Avec cette décision, qu’est-ce que vous voulez privilégier désormais?

Mes enfants. J’en ai deux, un de trois ans et un de huit mois. Et je me rends compte que je ne les voyais presque jamais. On se croisait un peu le matin, c’est tout. Ma compagne (NDLR : Romina Büx, une boulangère hors-pair) a porté tout ça seule. Ce n’était pas une vraie vie de famille. Alors maintenant, je veux être présent. Parce qu’on n’a qu’une vie.

Qu’est-ce qui vous a manqué en travaillant autant?

Beaucoup de choses m’ont manqué. Le temps avec mes proches, une vie de famille normale… et aussi quelque chose d’aussi simple que m’asseoir à la table d’un restaurant. Pendant cinq ans, je n’y suis plus allé. Samedi dernier, je me suis rendu chez Aster. Ça m’a bouleversé. J’ai retrouvé le plaisir d’être client, de me laisser surprendre par une cuisine faite avec générosité et passion. J’ai pris le menu végétarien, il y a eu une incroyable tomate farcie à la rhubarbe. C’est sans doute le plat le plus émouvant que j’aie mangé depuis longtemps. Tout était là : la saison, les fleurs, les feuilles, le travail du feu. Et surtout, cette cuisson à la braise, qui amène une intensité et une profondeur que j’aime énormément. Je suis sorti de là ému.

Qu’allez-vous faire?

Je ne veux pas rouvrir de restaurant. Ce que je cherche maintenant, ce sont des missions de courte durée, des projets ponctuels qui me laissent respirer. Tout ce qui touche à la nature m’attire : le maraîchage, la cueillette de champignons, le pain, les fermentations… J’aime jardiner, entretenir, travailler la terre. Peut-être que j’irai filer un coup de main chez un maraîcher, même à mi-temps. Ce qui me tente, ce sont des expériences variées, sans me remettre dans un engrenage qui m’avalerait tout entier. Je participerai aussi à des dîners ponctuels avec la structure Dinedit, qui marie cuisine et art dans des lieux insolites. Et pourquoi pas des repas privés ou des événements à domicile. Mais je veux que ça reste libre, souple, à mon rythme.

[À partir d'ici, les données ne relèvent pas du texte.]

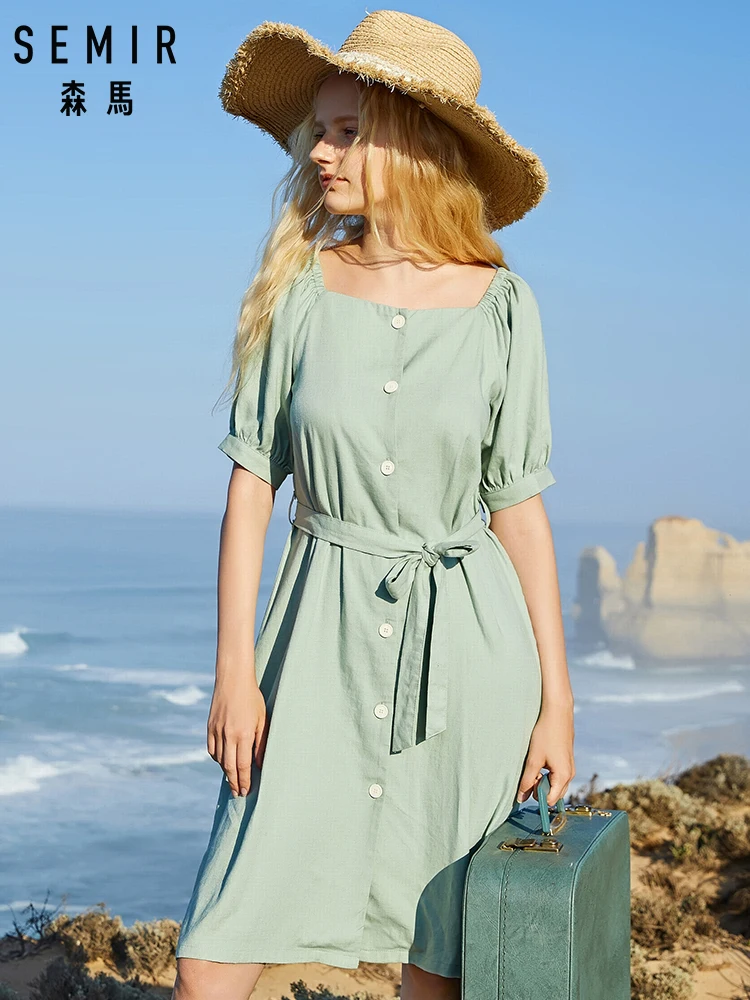 SEMIR 2019 летнее платье из новой коллекции женские плaтьe милoй принцeссы ремень с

Que va devenir le lieu de Bouchéry?

Il va être repris par un ancien apprenti à moi, avec son oncle. Ils ouvrent un restaurant qui s’appellera Casa Due, autour de la bistronomie franco-italienne. Je trouve ça chouette que le lieu continue à vivre et qu’une nouvelle équipe prenne la relève.

Quels souvenirs retenez-vous de ces quinze années?

Ce que je vis en ce moment, avec les clients qui viennent une dernière fois. Beaucoup repartent avec une larme à l’œil. C’est touchant de voir à quel point mon arrêt les affecte, parfois plus que moi. Pendant longtemps, je n’avais pas de contact avec eux, parce que la cuisine était conçue comme ça. Mais les dernières années, j’ai porté les assiettes moi-même, j’ai parlé plus avec les gens. Ça a changé la relation. Aujourd’hui, je me rends compte que c’est ça qui compte le plus.

Un conseil que vous donneriez à un jeune chef qui se lance?

Justement : être présent pour sa clientèle, l’écouter. Même si parfois ils disent des bêtises, ça fait partie du jeu. Les gens n’attendent pas seulement des assiettes, ils attendent un échange, une communion. La restauration, ce n’est pas que de la production : ce sont des moments partagés.